Litter Home Page

 Header image

Steve Spence

Visitor’s Book: Rendlesham Forest (a decomposition) by Peter Dent.

pub. Knives, Forks & Spoons Press   £6.00 (60 pages)

This is something of a departure for Peter Dent as his new collection takes as its starting point the Rendlesham Forest Incident, an apparent UFO sighting close to USA run airbases in Woodbridge/Bentwaters in Suffolk, late in 1980. Although this was a high-profile event (comparable to Roswell in the US) and there were a number of eye-witnesses to a spectrum of unusual phenomena the whole business still seems shrouded in mystery and the possibility of a cover-up related to cold war secrecy intentions on the part of the military. There has never been a satisfactory explanation of the ‘sightings’ as Dent’s ultimate prose section makes clear and there appears to have been a long term avoidance of the subject by ‘the authorities’ occasionally interrupted by vague statements which seem aimed at wiping the occasion from public consciousness. Whether Dent was present at this event or in any other way involved seems unclear but his position as outlined in the prose conclusion seems to be that those who saw what they saw – coloured flashing lights, high speed flying objects close to the ground, an unknown vehicle with ‘metallic like’ exterior, among other things – deserve some sort of objective explanation, if indeed there is one. Events like this, of course, provide fertile ground for all manner of conspiracy theories alongside the genuine questions which have been raised (and largely ignored) by those who were present on the three occasions.

Where does this leave us in relation to Peter Dent’s poetry? Well, leaving aside the possibility of his own involvement (I’ve no idea whether he was there or not) and his clear interest in seeing the case somehow resolved, it could be said that this is a perfect starting point for a writer whose poetry has at its centre the ‘investigation of the strange and puzzling business we call language’. In Dent’s literary world nothing is open to ‘easy access’ and readers who don’t enjoy the process of ‘puzzling over’ or exploring ambiguity, ‘complexity’, or that ‘difficult-to-nail-down aspect of language’ are unlikely to get much from his writing. The underlying question I suppose is one of ‘transparency’ – how clearly can we say what we have to say? and the conflict between language as an aspect of play (a game) and its general definition in terms of ‘delivery of information’ is perhaps central to his whole oeuvre. Dent seems to me a writer who writes primarily for himself, as a form of self-exploration, with no obvious regard for the reader except that he obviously hopes and perhaps expects that there will be some sort of relationship between his ‘words on the page’ and anyone who finds his material interesting or intriguing after an initial encounter. The questions involved in the ‘Rendlesham Forest Incident’ – those of the human reception of strange phenomena and how we are to interpret ‘the outside’ and organise our responses in terms of linguistic understanding – seem to be at the heart of his whole enterprise:


          The Rendlesham Cargo

               ‘I wouldn’t have seen it, if I hadn’t seen it through
               your eyes…’(unnamed observer)
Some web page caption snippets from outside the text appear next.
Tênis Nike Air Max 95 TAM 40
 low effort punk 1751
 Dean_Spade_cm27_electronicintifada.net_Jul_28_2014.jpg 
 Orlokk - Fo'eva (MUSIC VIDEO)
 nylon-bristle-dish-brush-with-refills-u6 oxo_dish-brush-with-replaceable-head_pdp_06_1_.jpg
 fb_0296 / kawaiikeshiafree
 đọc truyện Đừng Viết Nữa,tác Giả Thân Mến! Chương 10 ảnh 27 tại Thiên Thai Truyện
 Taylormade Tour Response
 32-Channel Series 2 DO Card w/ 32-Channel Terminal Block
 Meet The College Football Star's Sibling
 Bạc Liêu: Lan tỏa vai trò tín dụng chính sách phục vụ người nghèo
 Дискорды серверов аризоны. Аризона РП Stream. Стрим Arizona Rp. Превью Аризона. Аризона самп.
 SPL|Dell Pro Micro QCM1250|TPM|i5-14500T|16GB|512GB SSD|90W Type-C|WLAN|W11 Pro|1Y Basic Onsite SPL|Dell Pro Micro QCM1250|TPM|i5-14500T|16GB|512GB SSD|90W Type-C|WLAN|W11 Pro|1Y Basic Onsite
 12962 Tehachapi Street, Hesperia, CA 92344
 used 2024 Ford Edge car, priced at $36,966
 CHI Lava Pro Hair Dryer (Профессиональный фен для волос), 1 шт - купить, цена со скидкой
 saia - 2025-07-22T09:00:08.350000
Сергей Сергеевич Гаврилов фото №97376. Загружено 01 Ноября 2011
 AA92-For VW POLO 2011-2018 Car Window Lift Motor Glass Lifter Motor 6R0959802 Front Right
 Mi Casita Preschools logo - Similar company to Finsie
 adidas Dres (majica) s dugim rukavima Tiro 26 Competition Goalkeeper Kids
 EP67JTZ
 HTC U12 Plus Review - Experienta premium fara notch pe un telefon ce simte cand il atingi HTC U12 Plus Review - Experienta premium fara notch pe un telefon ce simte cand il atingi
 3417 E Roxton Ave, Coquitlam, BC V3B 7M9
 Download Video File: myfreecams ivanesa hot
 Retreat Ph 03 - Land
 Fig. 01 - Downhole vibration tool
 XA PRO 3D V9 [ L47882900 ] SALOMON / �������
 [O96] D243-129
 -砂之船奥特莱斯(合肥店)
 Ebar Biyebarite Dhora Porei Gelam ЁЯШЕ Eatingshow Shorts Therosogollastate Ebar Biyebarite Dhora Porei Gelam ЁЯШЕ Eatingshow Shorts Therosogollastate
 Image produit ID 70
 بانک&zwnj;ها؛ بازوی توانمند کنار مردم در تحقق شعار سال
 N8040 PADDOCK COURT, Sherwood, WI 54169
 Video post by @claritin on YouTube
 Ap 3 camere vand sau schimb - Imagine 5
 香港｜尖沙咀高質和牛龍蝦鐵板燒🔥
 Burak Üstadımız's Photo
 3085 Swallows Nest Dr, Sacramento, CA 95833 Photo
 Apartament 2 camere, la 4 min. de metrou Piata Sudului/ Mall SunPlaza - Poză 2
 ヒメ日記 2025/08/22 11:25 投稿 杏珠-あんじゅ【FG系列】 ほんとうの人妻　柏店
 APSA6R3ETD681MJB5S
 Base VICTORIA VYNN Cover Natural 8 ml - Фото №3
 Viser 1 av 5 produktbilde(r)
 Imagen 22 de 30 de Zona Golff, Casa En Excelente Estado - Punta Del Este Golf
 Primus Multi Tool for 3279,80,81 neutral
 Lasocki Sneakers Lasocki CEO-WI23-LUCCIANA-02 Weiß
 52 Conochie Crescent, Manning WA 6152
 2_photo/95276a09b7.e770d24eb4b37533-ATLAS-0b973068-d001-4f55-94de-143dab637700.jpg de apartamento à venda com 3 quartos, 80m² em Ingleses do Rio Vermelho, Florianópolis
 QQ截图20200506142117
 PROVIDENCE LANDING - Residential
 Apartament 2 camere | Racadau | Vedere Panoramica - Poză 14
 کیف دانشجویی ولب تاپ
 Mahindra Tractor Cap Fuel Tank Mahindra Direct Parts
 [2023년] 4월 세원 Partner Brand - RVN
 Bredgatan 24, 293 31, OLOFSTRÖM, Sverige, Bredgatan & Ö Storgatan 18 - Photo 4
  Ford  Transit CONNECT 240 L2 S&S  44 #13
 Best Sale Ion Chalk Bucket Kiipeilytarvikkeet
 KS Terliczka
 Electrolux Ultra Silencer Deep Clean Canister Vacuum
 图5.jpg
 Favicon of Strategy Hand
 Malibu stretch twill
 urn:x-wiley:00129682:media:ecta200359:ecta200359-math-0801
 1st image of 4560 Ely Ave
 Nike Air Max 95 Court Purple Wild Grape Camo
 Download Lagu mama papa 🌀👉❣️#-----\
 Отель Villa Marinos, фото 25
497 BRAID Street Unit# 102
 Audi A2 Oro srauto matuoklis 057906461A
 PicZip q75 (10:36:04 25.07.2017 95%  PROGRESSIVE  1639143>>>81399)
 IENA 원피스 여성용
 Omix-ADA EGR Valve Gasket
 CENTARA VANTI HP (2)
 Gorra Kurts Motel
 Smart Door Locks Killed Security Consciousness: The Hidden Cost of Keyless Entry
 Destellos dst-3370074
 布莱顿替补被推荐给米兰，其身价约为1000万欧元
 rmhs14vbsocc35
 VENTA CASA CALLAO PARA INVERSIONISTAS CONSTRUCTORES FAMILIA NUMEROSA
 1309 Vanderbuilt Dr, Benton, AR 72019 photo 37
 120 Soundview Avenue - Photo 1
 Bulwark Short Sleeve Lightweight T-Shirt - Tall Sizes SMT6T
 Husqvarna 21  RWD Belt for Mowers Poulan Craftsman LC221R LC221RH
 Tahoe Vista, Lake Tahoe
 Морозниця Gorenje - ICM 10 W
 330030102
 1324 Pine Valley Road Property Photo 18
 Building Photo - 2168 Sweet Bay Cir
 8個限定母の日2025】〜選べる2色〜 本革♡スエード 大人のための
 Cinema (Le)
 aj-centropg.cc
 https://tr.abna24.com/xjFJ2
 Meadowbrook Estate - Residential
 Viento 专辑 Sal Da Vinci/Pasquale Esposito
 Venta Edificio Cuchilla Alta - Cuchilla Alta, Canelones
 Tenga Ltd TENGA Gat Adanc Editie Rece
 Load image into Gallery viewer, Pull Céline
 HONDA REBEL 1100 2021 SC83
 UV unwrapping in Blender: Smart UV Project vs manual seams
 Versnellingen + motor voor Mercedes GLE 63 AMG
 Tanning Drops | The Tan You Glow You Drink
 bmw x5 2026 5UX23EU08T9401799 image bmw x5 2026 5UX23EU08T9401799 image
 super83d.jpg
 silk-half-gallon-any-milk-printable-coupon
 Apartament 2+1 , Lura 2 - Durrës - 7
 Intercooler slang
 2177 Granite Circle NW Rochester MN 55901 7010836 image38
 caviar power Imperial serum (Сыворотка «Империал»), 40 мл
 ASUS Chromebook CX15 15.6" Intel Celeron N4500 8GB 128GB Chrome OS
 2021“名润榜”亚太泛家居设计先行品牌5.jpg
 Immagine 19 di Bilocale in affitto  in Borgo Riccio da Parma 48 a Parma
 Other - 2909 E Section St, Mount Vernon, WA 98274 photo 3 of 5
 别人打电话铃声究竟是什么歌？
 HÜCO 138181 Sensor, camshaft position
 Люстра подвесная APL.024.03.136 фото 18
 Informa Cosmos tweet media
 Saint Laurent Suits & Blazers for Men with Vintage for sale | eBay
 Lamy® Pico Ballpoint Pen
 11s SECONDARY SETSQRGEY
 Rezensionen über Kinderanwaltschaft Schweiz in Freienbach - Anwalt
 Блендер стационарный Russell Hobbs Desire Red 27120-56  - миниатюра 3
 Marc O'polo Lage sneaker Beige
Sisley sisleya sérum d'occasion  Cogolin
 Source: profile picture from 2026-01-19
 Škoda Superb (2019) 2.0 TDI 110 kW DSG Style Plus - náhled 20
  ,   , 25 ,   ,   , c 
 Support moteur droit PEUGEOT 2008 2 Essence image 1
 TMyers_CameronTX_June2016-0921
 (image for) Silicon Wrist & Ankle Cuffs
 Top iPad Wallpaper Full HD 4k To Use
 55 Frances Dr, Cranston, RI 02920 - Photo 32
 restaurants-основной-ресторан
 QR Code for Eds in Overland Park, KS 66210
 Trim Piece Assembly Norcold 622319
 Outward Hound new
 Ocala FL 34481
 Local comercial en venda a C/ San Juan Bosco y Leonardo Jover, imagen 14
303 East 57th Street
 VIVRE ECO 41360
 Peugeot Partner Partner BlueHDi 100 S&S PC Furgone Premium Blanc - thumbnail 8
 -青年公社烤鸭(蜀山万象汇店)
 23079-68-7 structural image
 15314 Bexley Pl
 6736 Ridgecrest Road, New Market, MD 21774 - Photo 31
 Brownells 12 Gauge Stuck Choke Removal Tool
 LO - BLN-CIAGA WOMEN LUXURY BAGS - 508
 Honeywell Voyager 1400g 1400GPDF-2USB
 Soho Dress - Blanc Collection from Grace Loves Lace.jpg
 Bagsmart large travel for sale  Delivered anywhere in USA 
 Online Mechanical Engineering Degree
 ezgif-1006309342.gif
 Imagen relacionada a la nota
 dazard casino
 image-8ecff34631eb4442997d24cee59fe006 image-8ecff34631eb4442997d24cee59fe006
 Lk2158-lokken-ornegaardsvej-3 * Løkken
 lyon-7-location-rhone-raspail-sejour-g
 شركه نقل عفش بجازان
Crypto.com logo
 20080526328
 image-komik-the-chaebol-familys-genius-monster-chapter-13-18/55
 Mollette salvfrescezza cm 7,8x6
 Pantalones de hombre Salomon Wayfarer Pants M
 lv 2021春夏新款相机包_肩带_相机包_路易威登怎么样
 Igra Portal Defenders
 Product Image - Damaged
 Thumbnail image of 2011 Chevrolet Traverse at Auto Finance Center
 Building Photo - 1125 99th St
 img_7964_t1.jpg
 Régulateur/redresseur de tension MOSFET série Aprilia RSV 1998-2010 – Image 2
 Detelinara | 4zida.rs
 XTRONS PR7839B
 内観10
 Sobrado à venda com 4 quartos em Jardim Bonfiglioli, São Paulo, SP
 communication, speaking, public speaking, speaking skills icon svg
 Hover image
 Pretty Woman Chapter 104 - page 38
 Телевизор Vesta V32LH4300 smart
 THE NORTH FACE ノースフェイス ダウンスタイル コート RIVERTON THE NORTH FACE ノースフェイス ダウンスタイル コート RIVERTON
          The flashing                                                   The hard-wired
               of sources                                                      regression

          The delocalised                                              The forest
               circumstance                                                 of clearings

          The cosmic                                                      The misconceptions
               reorderings                                                     of conflux

          The irresponsible                                             The deliria
               specifics                                                           of websites

          The interdictions                                              The Cold War
               of defence                                                         rictus

          The uninitialled                                                  The debris
               transcripts                                                          of falling  

          The roswellian                                                     The unresolvable
               interference                                                          depressions

          The tremblings                                                     The bright lights
               of analysis                                                            of other


This final poem, unusually ordered in two-column couplets could present a series of chapter headings for the entire collection. It could be that this short book represents a more concrete collision with the ‘real world’ than anything I’ve come across by Peter Dent before and it’s certainly a more ‘uncomfortable read’ than his previous work, at least in my view, and not for reasons that I think I’ve entirely put my finger on. I continue to be intrigued by his writing and it’s fascinating if slightly troubling to come across such a divergent manuscript as this.